2009 Portland GSA Annual Meeting (18-21 October 2009)

Paper No. 5
Presentation Time: 9:05 AM

SYSTEMATIC BIAS IN UTAH SNOW DATA


JULANDER, Randall, USDA, Natural Resources Conservation Service (NRCS), Utah Snow Survey Office, 245 N Jimmy Dolittle Rd, Salt Lake City, UT 84147, randall.julander@ut.usda.gov

The United State Department of Agriculture, Natural Resources Conservation Service (NRCS) currently operates two Snow Water Equivalent SWE data collection systems: manual snow courses and a telemetered system called SNOTEL which use distinctly different measurement techniques. All climatological data have biases that may impact their applications outside of the original intent if not considered. Analysis shows SWE data is very useful for their intended purpose predicting current streamflow via hydrologic models by using the most recent SWE data (20 to 40 years), representing current watershed conditions.

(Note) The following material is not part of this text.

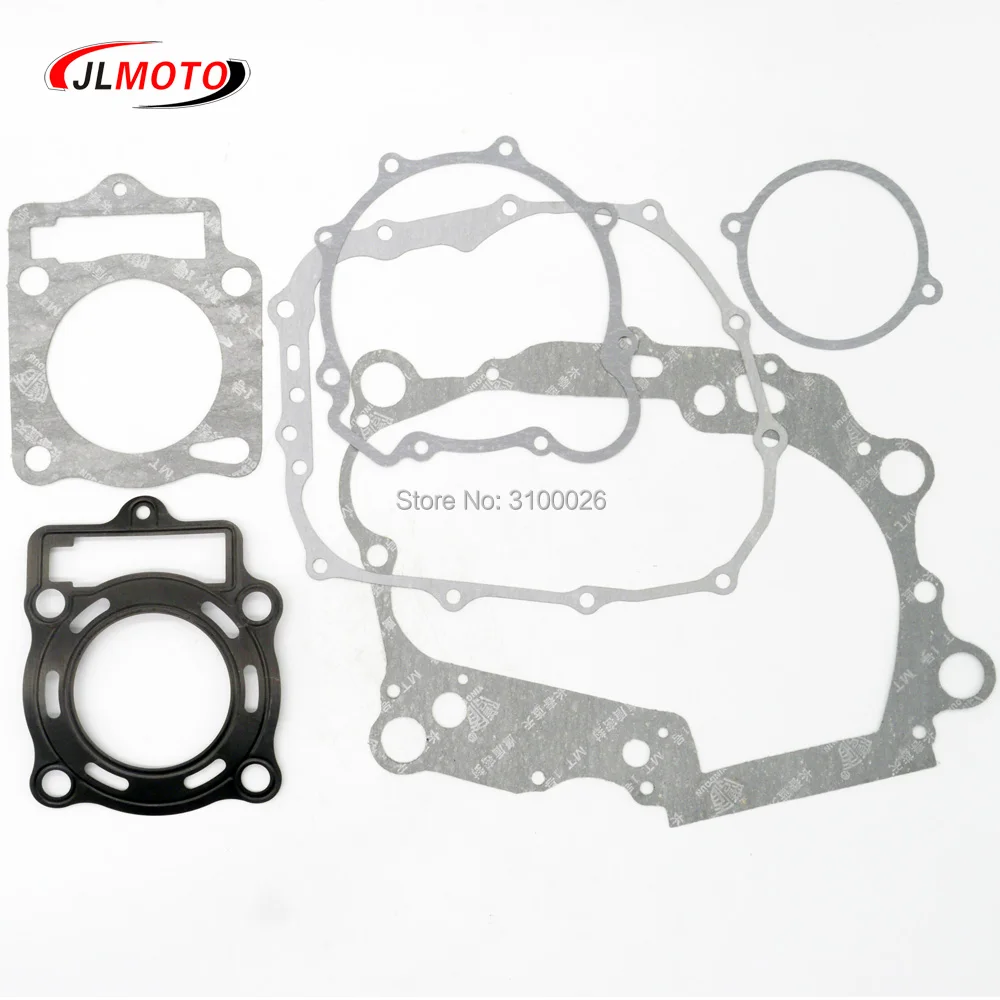 Комплект прокладок двигателя, подходит для двигателя LC172MM 170MM Loncin 250cc с водяным охлаждением Mikilon ESB Jinling 250cc ATV XMOTO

This research focuses on two issues which have had significant impact on data stability in Utah: vegetation and physical change at the manual sites and SWE sensor changes in the SNOTEL system. It was recognized very early on that snow accumulation at these sites would systematically change over time. “Forest cover is a significant factor in snow accumulation and melt at a snow course. Therefore, any change in forest cover may gradually affect the readings obtained over a period of years”, NRCS National Engineering Handbook, Section 22, 1972. Snow course analysis in Utah shows dramatically altered conditions at some sites and little to no impact at others. Each site with vegetative or physical change regardless of elevation or latitude has decreased SWE (30 year average) whereas at sites with no vegetative change, SWE remains steady indicating that vegetation impacts, not climate change may be the source of the observed decreasing SWE.

The SNOTEL system initially used stainless steel pillows as a SWE sensor. Later, hypalon pillows became the sensor of choice. Data comparison of dual steel/hypalon pillow sites shows that hypalon pillows begin SWE accumulation later, melt out earlier, and accumulate 8% to 25% less SWE than the steel pillows. Thus this data set has a systematic bias of declining SWE and early melt due to sensor change that could be confused for and/or mask a climate change signal if not properly analyzed.

In making long term comparative analyses from the Snow Course data set, systematic bias should be quantified and removed from each individual site in order to give an accurate depiction of change due to climate. In the SNOTEL data set, sensor change bias should be quantified and removed.